Low-Rank Adaptation (LoRA) dominates parameter-efficient fine-tuning (PEFT). However, it faces a critical ``linear ceiling'' in complex reasoning tasks: simply increasing the rank yields diminishing returns due to intrinsic linear constraints. We introduce CeRA (Capacity-enhanced Rank Adaptation), a weight-level parallel adapter that injects SiLU gating and structural dropout to induce manifold expansion. On the SlimOrca benchmark, CeRA breaks this linear barrier: at rank 64 (PPL 3.89), it outperforms LoRA at rank 512 (PPL 3.90), demonstrating superior spectral efficiency.
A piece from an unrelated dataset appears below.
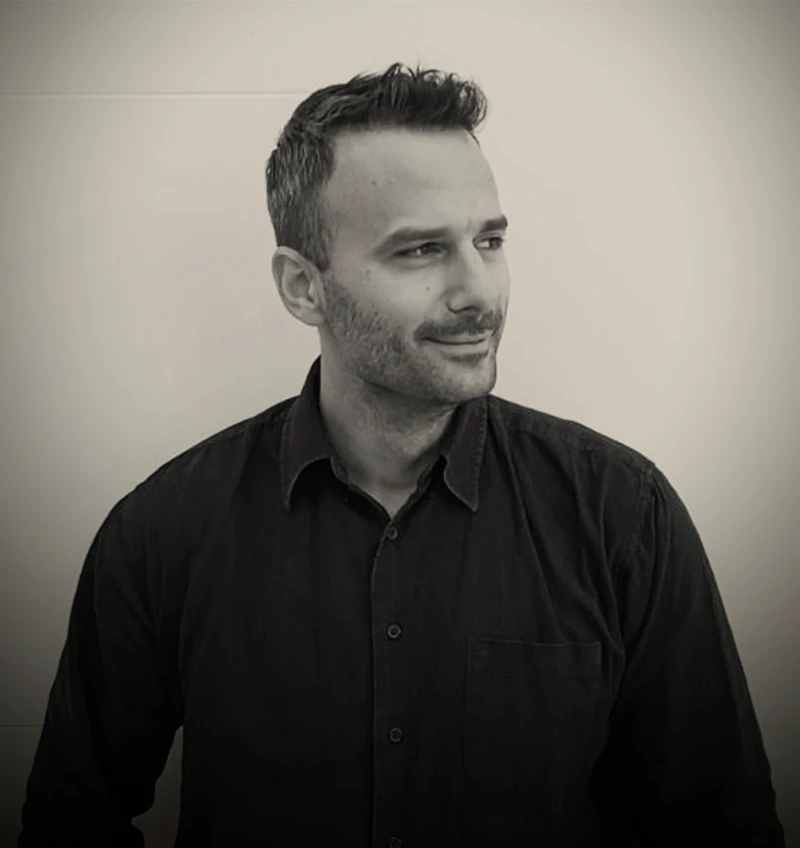 {person.data[lang].name}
This advantage generalizes to mathematical reasoning, where CeRA achieves a perplexity of 1.97 on MathInstruct, significantly surpassing LoRA's saturation point of 2.07. Mechanism analysis via Singular Value Decomposition (SVD) confirms that CeRA activates the dormant tail of the singular value spectrum, effectively preventing the rank collapse observed in linear methods.